- The task
The entries below contain pictures. Write out only the lines from the line with "VOLVO EX30 69 KW ELÉTRICO ULTRA" up to and including the line with "Royal Marine Hotel", exactly, without them.

[Study material]

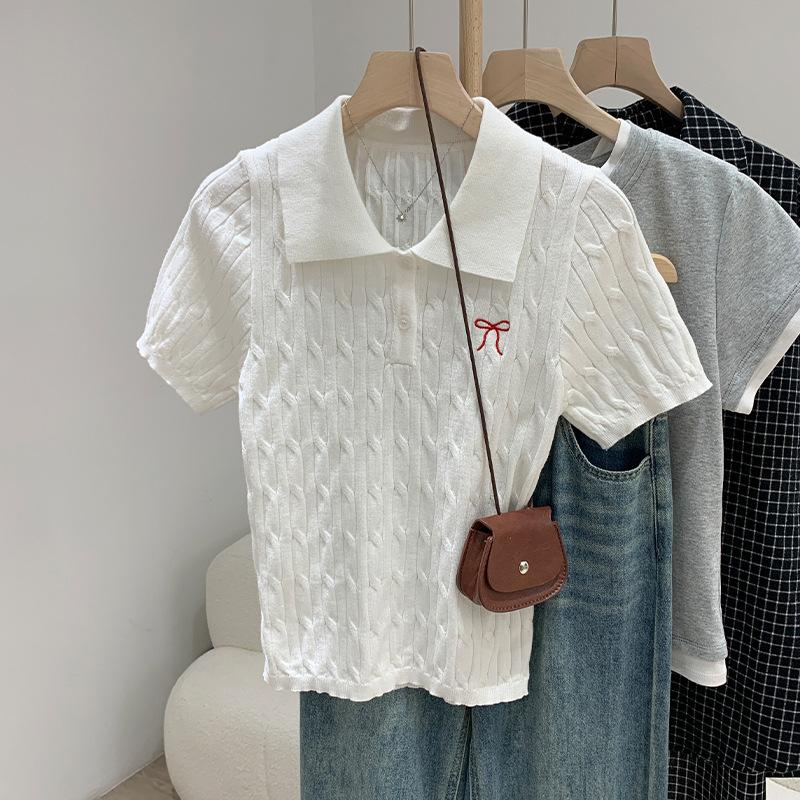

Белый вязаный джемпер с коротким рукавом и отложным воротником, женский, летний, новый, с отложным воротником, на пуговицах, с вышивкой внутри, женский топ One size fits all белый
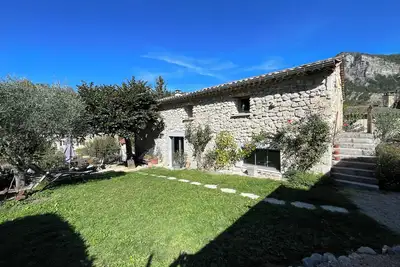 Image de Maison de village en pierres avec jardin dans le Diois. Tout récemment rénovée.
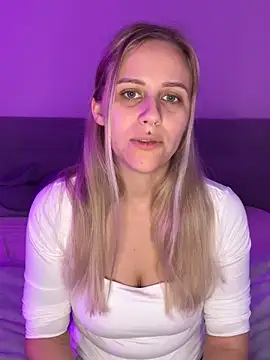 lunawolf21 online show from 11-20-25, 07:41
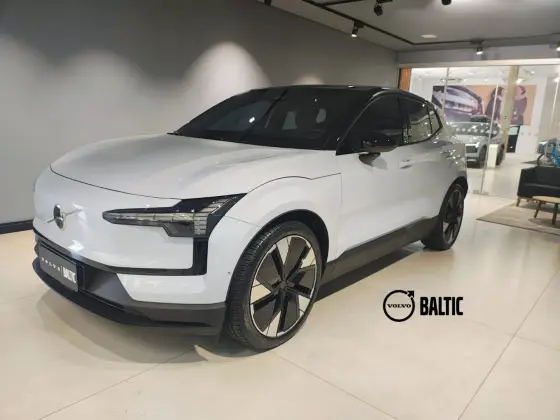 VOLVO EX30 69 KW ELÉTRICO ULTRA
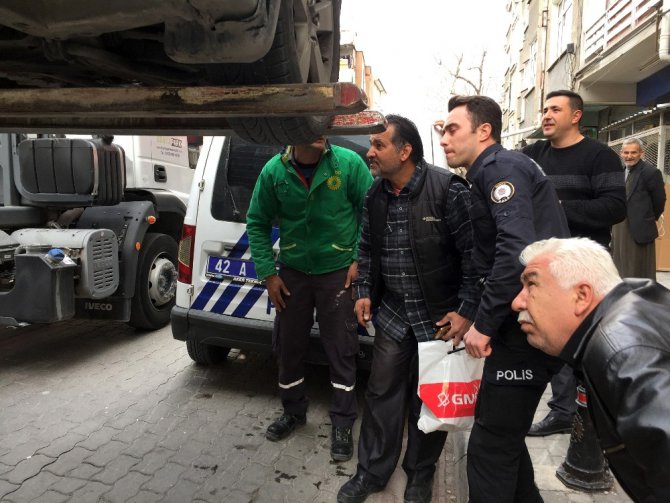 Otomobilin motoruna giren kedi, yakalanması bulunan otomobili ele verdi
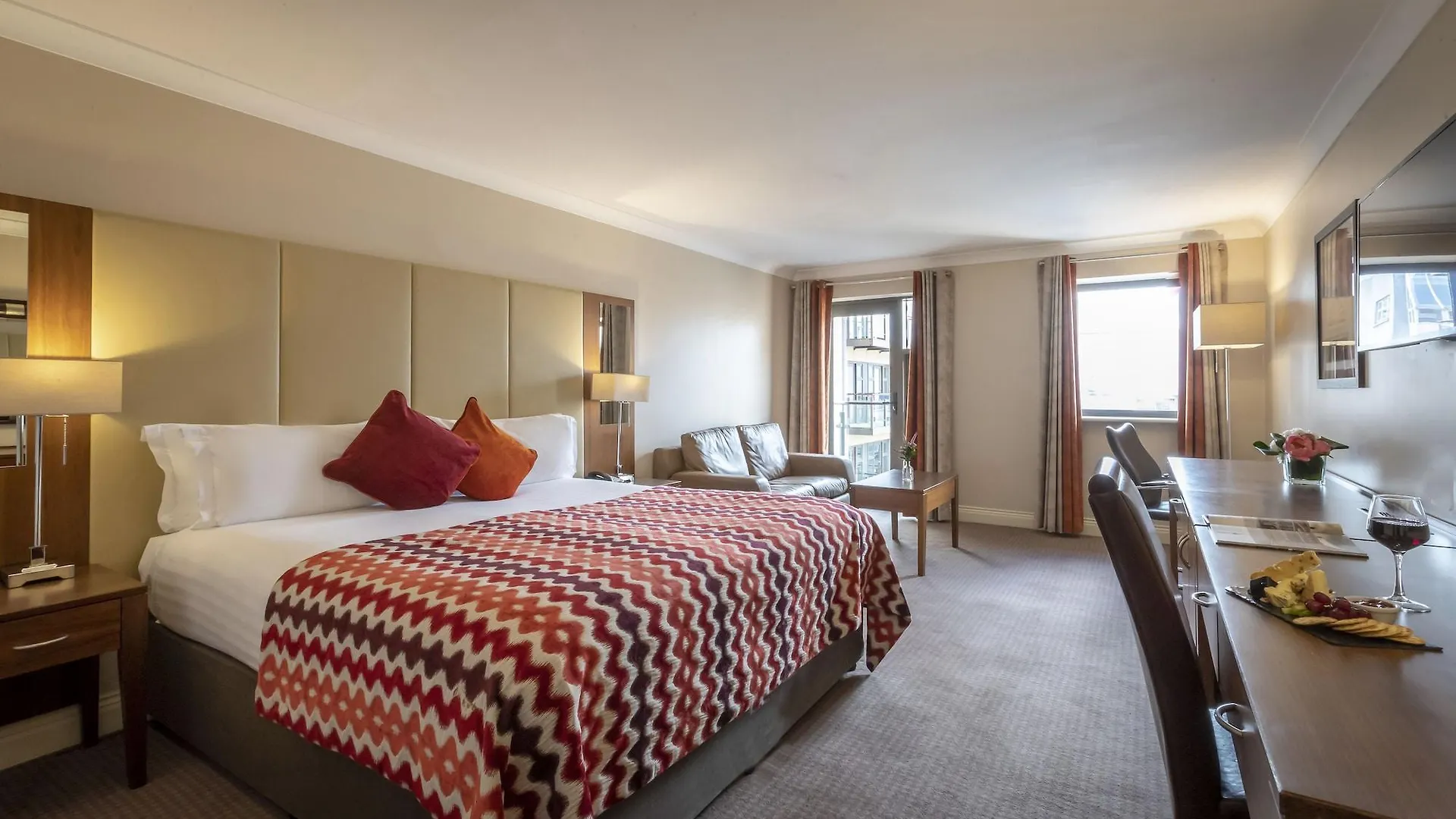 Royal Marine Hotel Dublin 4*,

[/Study material]
[Study material]

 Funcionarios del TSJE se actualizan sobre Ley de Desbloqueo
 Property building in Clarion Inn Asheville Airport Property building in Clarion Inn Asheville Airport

[/Study material]
[Study material]

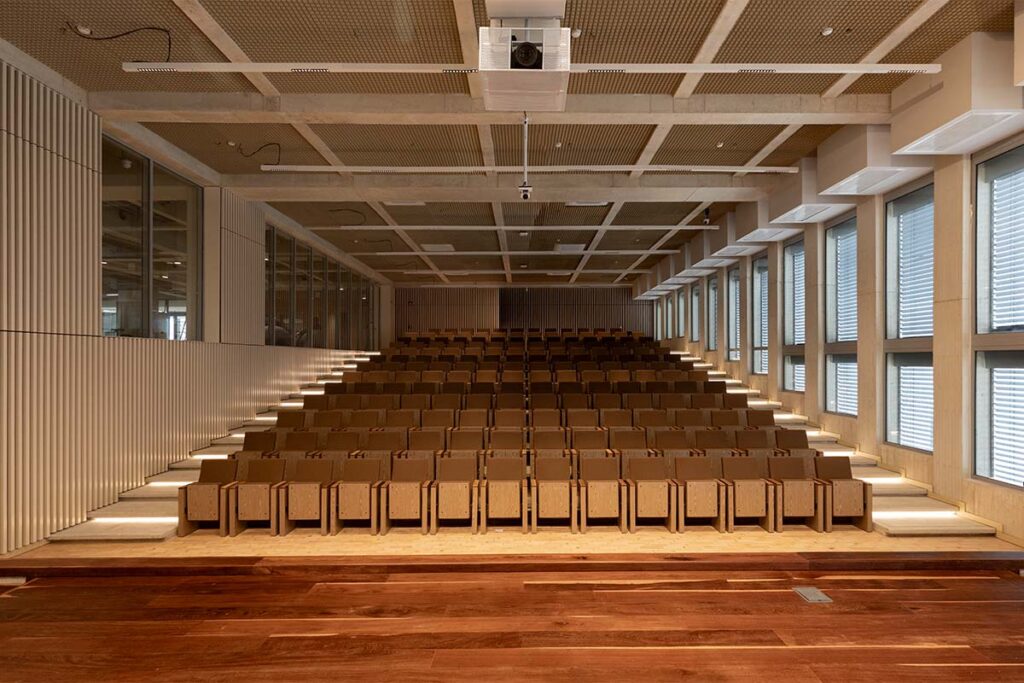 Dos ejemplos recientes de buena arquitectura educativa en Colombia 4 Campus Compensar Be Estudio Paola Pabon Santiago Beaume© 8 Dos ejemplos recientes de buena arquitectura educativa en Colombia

[/Study material]

- Answer box
 VOLVO EX30 69 KW ELÉTRICO ULTRA
 Otomobilin motoruna giren kedi, yakalanması bulunan otomobili ele verdi
 Royal Marine Hotel Dublin 4*,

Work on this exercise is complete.